[Annotated photo localization data]
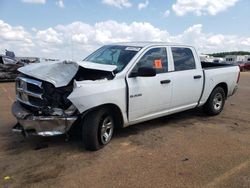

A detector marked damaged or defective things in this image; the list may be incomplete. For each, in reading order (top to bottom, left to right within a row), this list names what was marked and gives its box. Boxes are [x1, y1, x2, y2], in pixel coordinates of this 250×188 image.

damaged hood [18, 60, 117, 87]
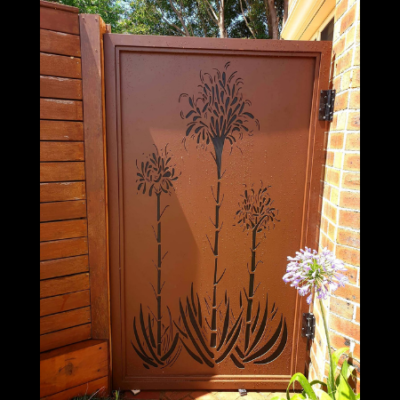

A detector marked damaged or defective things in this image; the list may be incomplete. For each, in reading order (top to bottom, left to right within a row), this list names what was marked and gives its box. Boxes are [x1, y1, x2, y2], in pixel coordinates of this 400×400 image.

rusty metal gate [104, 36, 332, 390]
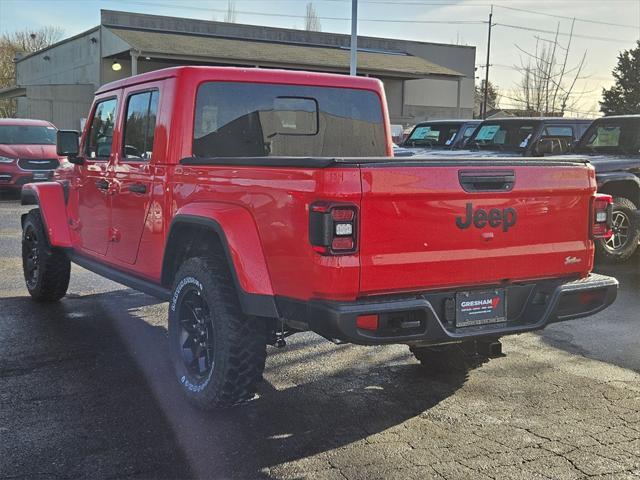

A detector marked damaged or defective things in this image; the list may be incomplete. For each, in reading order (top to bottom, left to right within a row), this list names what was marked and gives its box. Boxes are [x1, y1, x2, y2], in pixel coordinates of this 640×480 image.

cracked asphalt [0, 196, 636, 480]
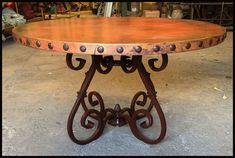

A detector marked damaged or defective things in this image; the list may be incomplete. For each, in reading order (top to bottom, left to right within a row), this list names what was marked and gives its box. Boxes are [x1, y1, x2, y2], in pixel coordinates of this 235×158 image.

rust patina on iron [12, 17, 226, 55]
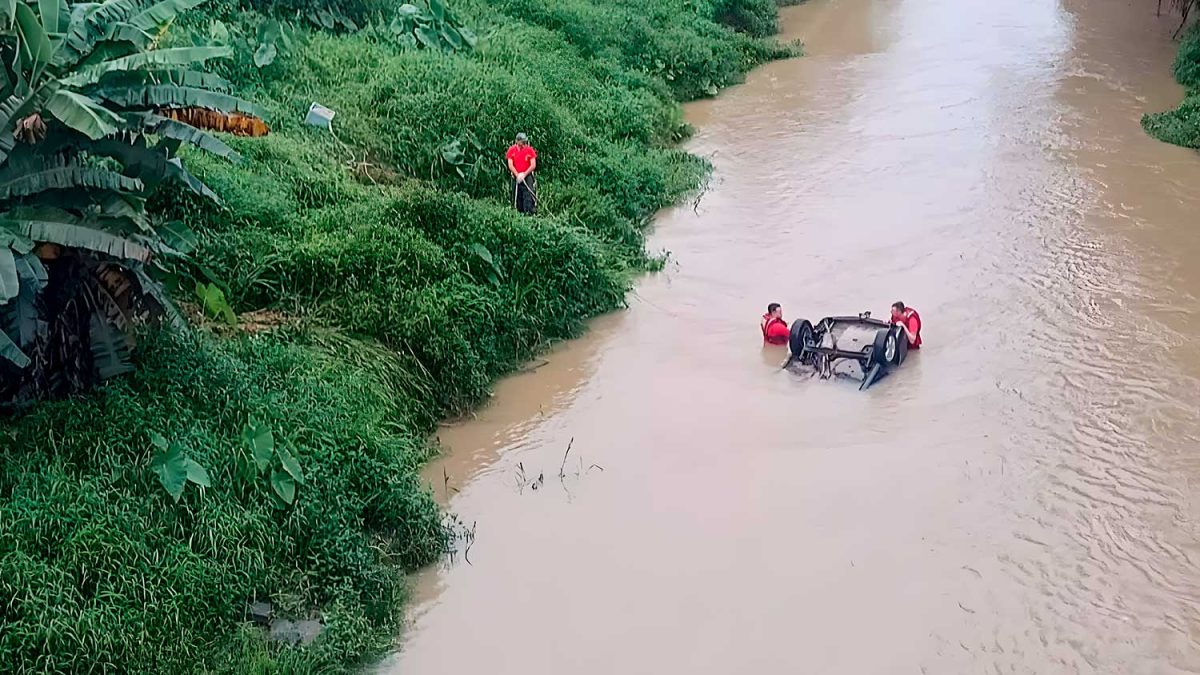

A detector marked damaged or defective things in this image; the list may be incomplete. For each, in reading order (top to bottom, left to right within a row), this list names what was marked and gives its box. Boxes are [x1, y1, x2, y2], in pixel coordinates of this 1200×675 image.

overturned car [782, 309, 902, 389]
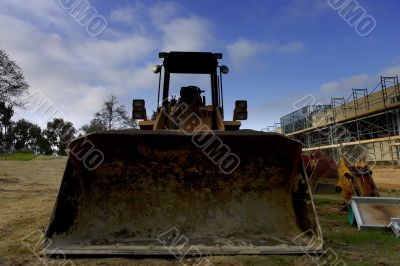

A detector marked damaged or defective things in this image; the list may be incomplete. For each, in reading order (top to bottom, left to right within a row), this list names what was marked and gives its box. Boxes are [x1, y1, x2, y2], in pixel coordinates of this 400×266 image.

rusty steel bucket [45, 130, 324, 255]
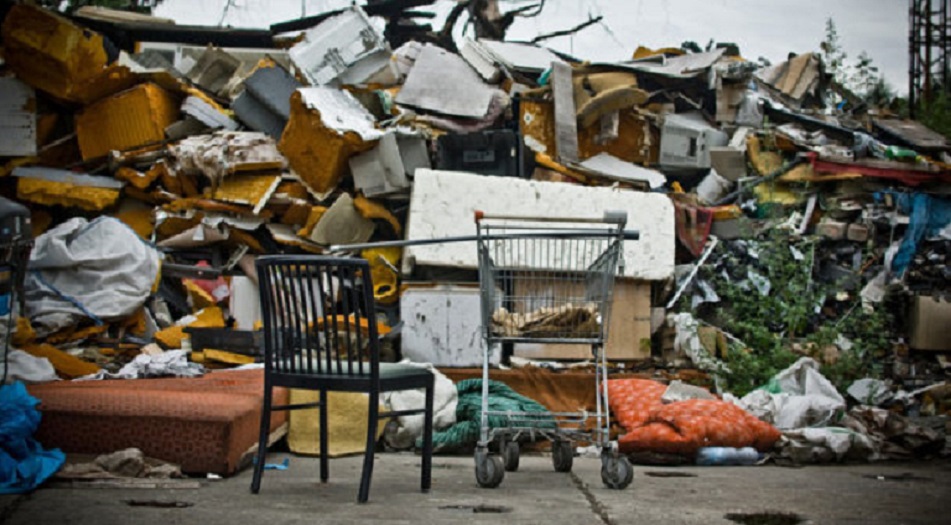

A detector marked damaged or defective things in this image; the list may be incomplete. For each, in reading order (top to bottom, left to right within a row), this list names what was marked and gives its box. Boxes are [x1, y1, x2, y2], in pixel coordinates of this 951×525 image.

About this task: Using the records above, copy exactly and only the lines from the line with "this 400×266 image." through the end, both included; leave every picture out.

Answer to this exercise:
A detector marked damaged or defective things in this image; the list may be incomplete. For each, in reading order (top to bottom, left to right within a row), this list names what was marked and gives its box. Boxes are [x1, y1, x2, y2], in pixel coordinates of this 400×266 image.

rusty steel bucket [45, 130, 324, 255]

A detector marked damaged or defective things in this image; the list may be incomplete. For each, in reading order (top to bottom, left to right within a row), this list names what was marked and gives its box. Boxes are [x1, y1, x2, y2], in pixel coordinates of this 951×525 image.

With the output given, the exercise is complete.